Dataset excerpts:
-------

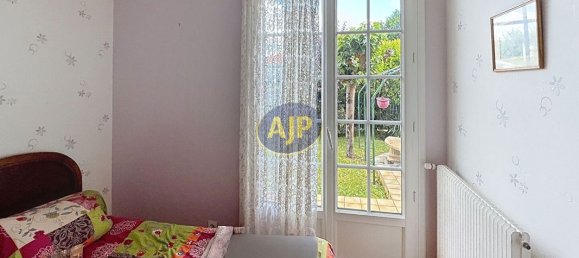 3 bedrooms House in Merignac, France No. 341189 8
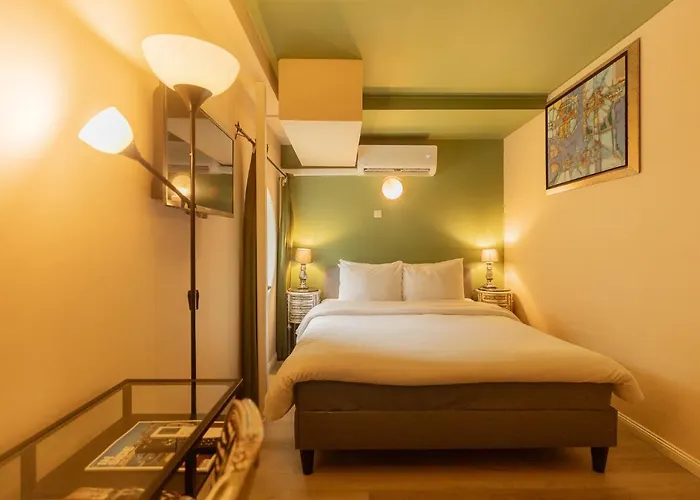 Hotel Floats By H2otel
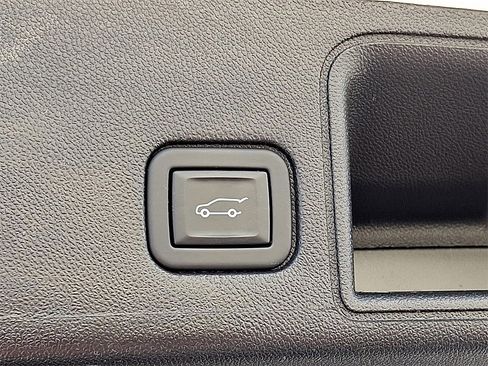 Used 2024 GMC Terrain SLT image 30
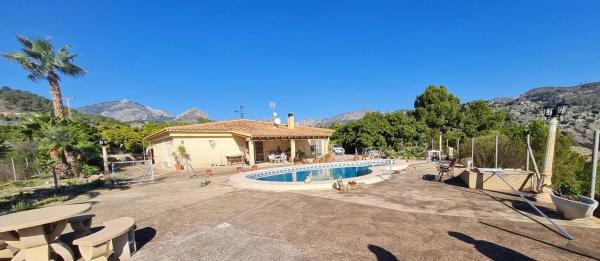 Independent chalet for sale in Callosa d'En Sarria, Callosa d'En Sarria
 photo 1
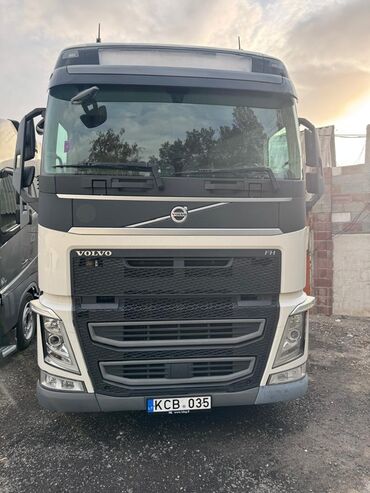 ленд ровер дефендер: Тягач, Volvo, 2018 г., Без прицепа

-------

> _Problem details_: Output exactly the lines from the line containing "Used 2024 GMC Terrain SLT image 30" through the last line of the records, both included, and leave out every picture.

> _Output of the task_:
 Used 2024 GMC Terrain SLT image 30
 Independent chalet for sale in Callosa d'En Sarria, Callosa d'En Sarria
 photo 1
 ленд ровер дефендер: Тягач, Volvo, 2018 г., Без прицепа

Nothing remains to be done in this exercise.